[<prev] [next>] [<thread-prev] [thread-next>] [day] [month] [year] [list]
Message-ID: <20250727061615.GW402218@unreal>
Date: Sun, 27 Jul 2025 09:16:15 +0300
From: Leon Romanovsky <leon@...nel.org>
To: "Kasireddy, Vivek" <vivek.kasireddy@...el.com>
Cc: Alex Williamson <alex.williamson@...hat.com>,
Christoph Hellwig <hch@....de>, Jason Gunthorpe <jgg@...dia.com>,
Andrew Morton <akpm@...ux-foundation.org>,
Bjorn Helgaas <bhelgaas@...gle.com>,
Christian König <christian.koenig@....com>,
"dri-devel@...ts.freedesktop.org" <dri-devel@...ts.freedesktop.org>,
"iommu@...ts.linux.dev" <iommu@...ts.linux.dev>,
Jens Axboe <axboe@...nel.dk>,
Jérôme Glisse <jglisse@...hat.com>,
Joerg Roedel <joro@...tes.org>,
"kvm@...r.kernel.org" <kvm@...r.kernel.org>,
"linaro-mm-sig@...ts.linaro.org" <linaro-mm-sig@...ts.linaro.org>,
"linux-block@...r.kernel.org" <linux-block@...r.kernel.org>,
"linux-kernel@...r.kernel.org" <linux-kernel@...r.kernel.org>,
"linux-media@...r.kernel.org" <linux-media@...r.kernel.org>,
"linux-mm@...ck.org" <linux-mm@...ck.org>,
"linux-pci@...r.kernel.org" <linux-pci@...r.kernel.org>,
Logan Gunthorpe <logang@...tatee.com>,
Marek Szyprowski <m.szyprowski@...sung.com>,
Robin Murphy <robin.murphy@....com>,
Sumit Semwal <sumit.semwal@...aro.org>,
Will Deacon <will@...nel.org>
Subject: Re: [PATCH 10/10] vfio/pci: Add dma-buf export support for MMIO
regions
On Fri, Jul 25, 2025 at 05:34:40AM +0000, Kasireddy, Vivek wrote:
> Hi Leon,
>
> > Subject: Re: [PATCH 10/10] vfio/pci: Add dma-buf export support for MMIO
> > regions
> >
> > > >
> > > > From: Leon Romanovsky <leonro@...dia.com>
> > > >
> > > > Add support for exporting PCI device MMIO regions through dma-buf,
> > > > enabling safe sharing of non-struct page memory with controlled
> > > > lifetime management. This allows RDMA and other subsystems to
> > import
> > > > dma-buf FDs and build them into memory regions for PCI P2P
> > operations.
> > > >
> > > > The implementation provides a revocable attachment mechanism using
> > > > dma-buf move operations. MMIO regions are normally pinned as BARs
> > > > don't change physical addresses, but access is revoked when the VFIO
> > > > device is closed or a PCI reset is issued. This ensures kernel
> > > > self-defense against potentially hostile userspace.
> > > >
> > > > Signed-off-by: Jason Gunthorpe <jgg@...dia.com>
> > > > Signed-off-by: Vivek Kasireddy <vivek.kasireddy@...el.com>
> > > > Signed-off-by: Leon Romanovsky <leonro@...dia.com>
> > > > ---
> > > > drivers/vfio/pci/Kconfig | 20 ++
> > > > drivers/vfio/pci/Makefile | 2 +
> > > > drivers/vfio/pci/vfio_pci_config.c | 22 +-
> > > > drivers/vfio/pci/vfio_pci_core.c | 25 ++-
> > > > drivers/vfio/pci/vfio_pci_dmabuf.c | 321
> > +++++++++++++++++++++++++++++
> > > > drivers/vfio/pci/vfio_pci_priv.h | 23 +++
> > > > include/linux/dma-buf.h | 1 +
> > > > include/linux/vfio_pci_core.h | 3 +
> > > > include/uapi/linux/vfio.h | 19 ++
> > > > 9 files changed, 431 insertions(+), 5 deletions(-)

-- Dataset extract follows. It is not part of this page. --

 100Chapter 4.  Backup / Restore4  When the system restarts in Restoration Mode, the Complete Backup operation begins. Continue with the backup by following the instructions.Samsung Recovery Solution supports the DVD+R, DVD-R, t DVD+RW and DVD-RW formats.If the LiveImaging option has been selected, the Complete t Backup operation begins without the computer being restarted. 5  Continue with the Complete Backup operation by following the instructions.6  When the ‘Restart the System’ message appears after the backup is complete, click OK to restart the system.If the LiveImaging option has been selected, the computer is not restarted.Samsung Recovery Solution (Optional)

> > > > create mode 100644 drivers/vfio/pci/vfio_pci_dmabuf.c
> >
> > <...>
> >
> > > > +static int validate_dmabuf_input(struct vfio_pci_core_device *vdev,
> > > > + struct vfio_device_feature_dma_buf
> > *dma_buf)
> > > > +{
> > > > + struct pci_dev *pdev = vdev->pdev;
> > > > + u32 bar = dma_buf->region_index;
> > > > + u64 offset = dma_buf->offset;
> > > > + u64 len = dma_buf->length;
> > > > + resource_size_t bar_size;
> > > > + u64 sum;
> > > > +
> > > > + /*
> > > > + * For PCI the region_index is the BAR number like everything else.
> > > > + */
> > > > + if (bar >= VFIO_PCI_ROM_REGION_INDEX)
> > > > + return -ENODEV;
> >
> > <...>
> >
> > > > +/**
> > > > + * Upon VFIO_DEVICE_FEATURE_GET create a dma_buf fd for the
> > > > + * regions selected.
> > > > + *
> > > > + * open_flags are the typical flags passed to open(2), eg O_RDWR,
> > > > O_CLOEXEC,
> > > > + * etc. offset/length specify a slice of the region to create the dmabuf
> > from.
> > > > + * nr_ranges is the total number of (P2P DMA) ranges that comprise the
> > > > dmabuf.
> > > Any particular reason why you dropped the option (nr_ranges) of creating
> > a
> > > single dmabuf from multiple ranges of an MMIO region?
> >
> > I did it for two reasons. First, I wanted to simplify the code in order
> > to speed-up discussion over the patchset itself. Second, I failed to
> > find justification for need of multiple ranges, as the number of BARs
> > are limited by VFIO_PCI_ROM_REGION_INDEX (6) and same functionality
> > can be achieved by multiple calls to DMABUF import.
> I don't think the same functionality can be achieved by multiple calls to
> dmabuf import. AFAIU, a dmabuf (as of today) is backed by a SGL that can
> have multiple entries because it represents a scattered buffer (multiple
> non-contiguous entries in System RAM or an MMIO region).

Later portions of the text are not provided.